Wskazałam na krzesło obok mnie. Iris, roześmiała się i
usiadła. Uśmiech do niej bardziej pasuje niż smutek i przygnębienie.
Pogadałyśmy jeszcze trochę i zaraz przyszedł Aron z wypisem. Lekarz stwierdził
że nic mi nie jest i że mogę wrócić już do domu. Zalecił mi, abym na siebie
uważała.
Razem z wujaszkiem i Iris wróciliśmy do domu. Aron upewniając
się że nic mi nie jest, pojechał do pracy pozostawiając mnie w rękach
rudowłosej. Wieczór miną mi zaskakująco szybko, przerobiłam z Iris cały
materiał i wydaje mi się że coś zrozumiała i napiszę na 4. Ale to okaże się w
przyszłości. Chociaż miałam wrażenie że dziewczyna usiłowała się mnie o coś
zapytać, ale nie miała odwagi. Przyjdzie czas, to się dowiem o co chodziło.

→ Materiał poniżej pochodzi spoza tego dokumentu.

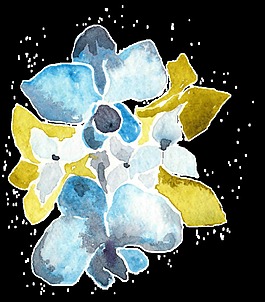 水墨藝術(shù)花卉透明裝飾素材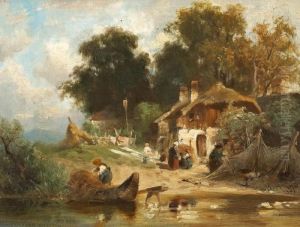 Fischerhauser An Einem Seeufer by Albert Kappis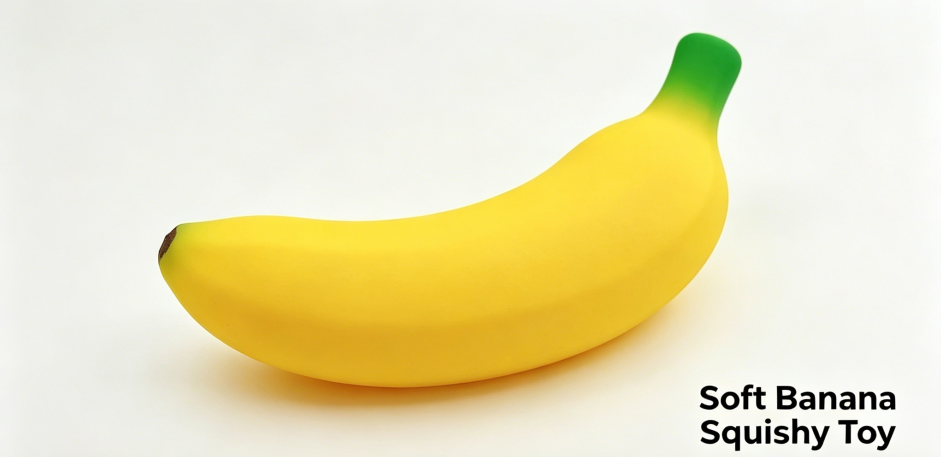 Banana Squishy Toy Slow Rising Stress Relief Fidget – Soft Sensory Squeeze Toy for Kids & Adults, Cute Anxiety Relief Desk Toy, Stretchy Decompression Squishy Gift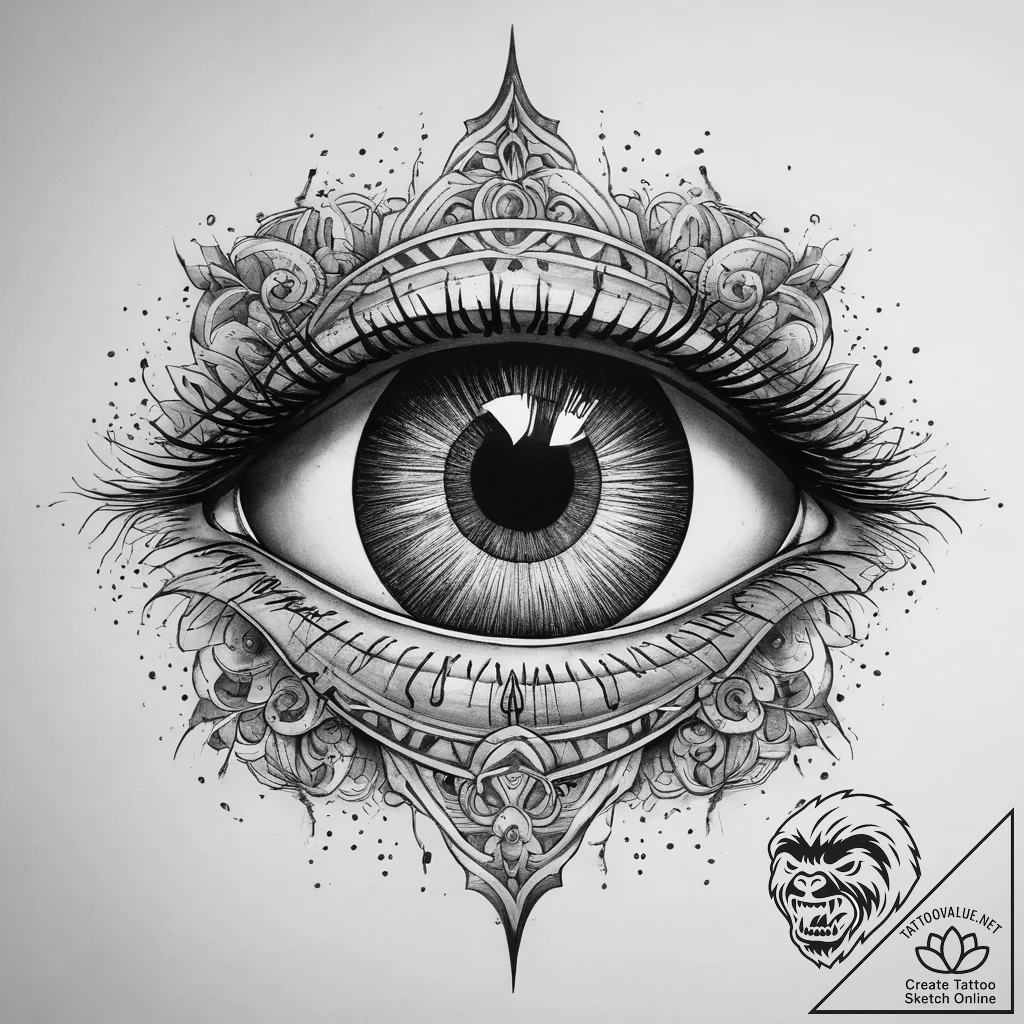 Tattoo design a zodiac animal's eye, highly d... - tattoo sketch (№1753743077_0, 28.07.2025 22:51) — tattoovalue.net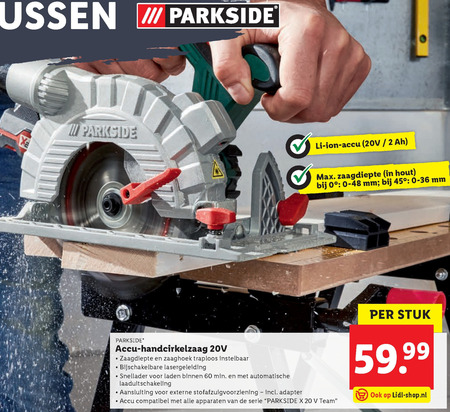 Parkside   handcirkelzaag folder aanbieding bij  Lidl - details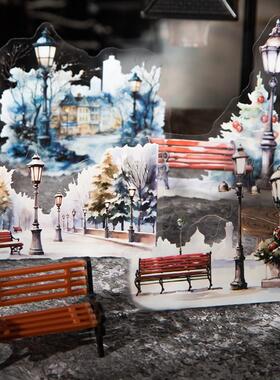 街角的路灯PET贴纸包街景路灯造景手帐diy拼贴手机壳卡片装饰贴画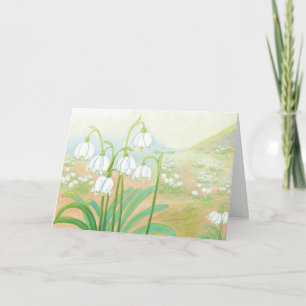Frühlings-Knotenblume, Leucojum vernum Illustratio Karte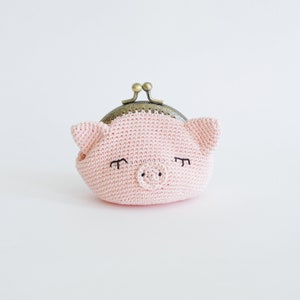 Crochet purse pattern - Crochet frame purse - Amigurumi pig purse - Crochet accessory pattern - Crochet tutorial - Crochet pouch pattern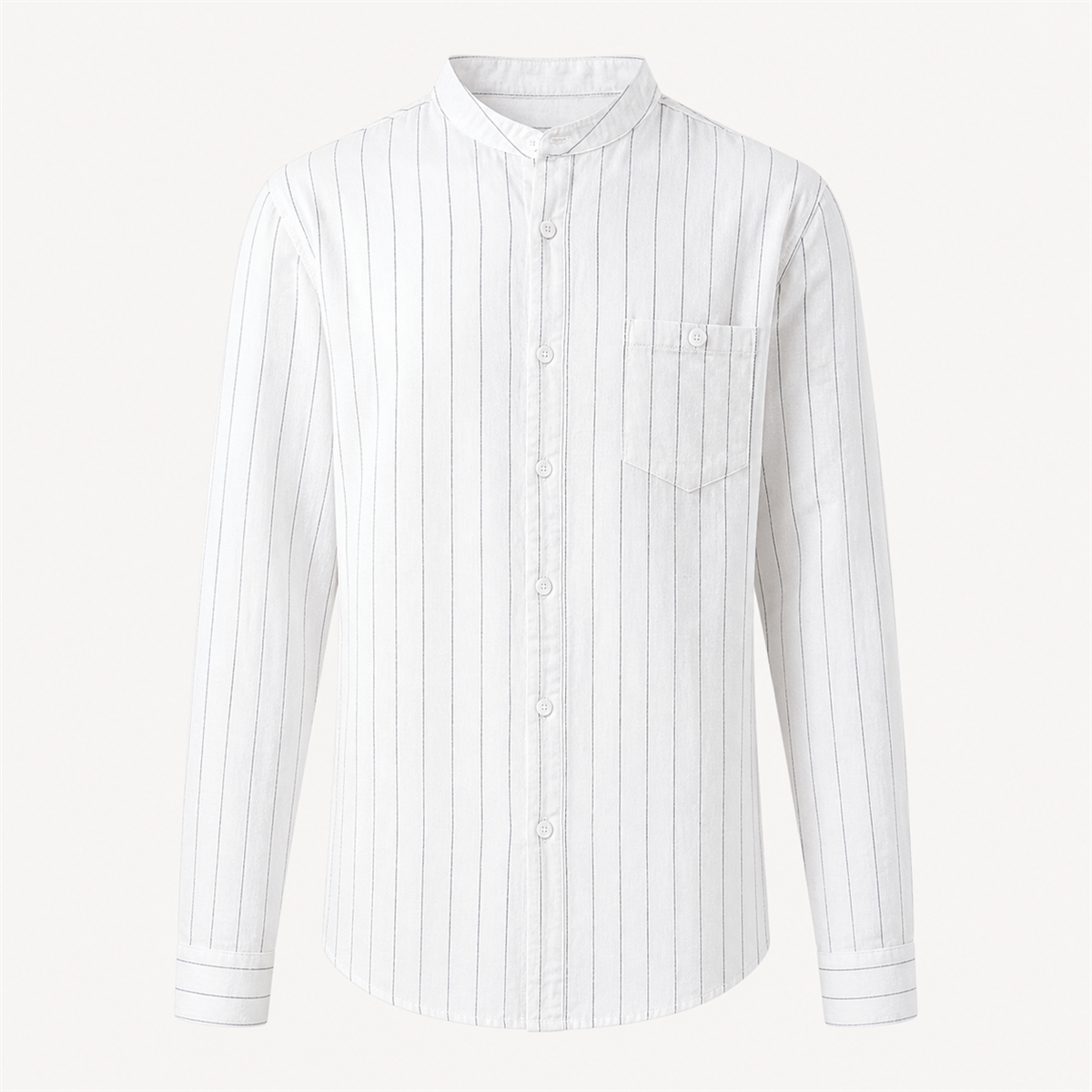 Men's Relaxed Striped Band-Collar Long-Sleeve Button-Front Shirt - Detail of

Długo tego nie będzie skrywać.
Około godziny 22 zostałam sama w domu. Po Iris przyjechał
jej tato. Pomimo miłego wieczoru pragnęłam aby ten dzień się skończył. Za dużo
wrażeń, jak na jeden dzień. Umyłam i przebrałam się w piżamę. Wzięłam jeszcze leki przeciwbólowe i nim się
spostrzegłam nastał już nowy dzień. Oby ten był lepszy.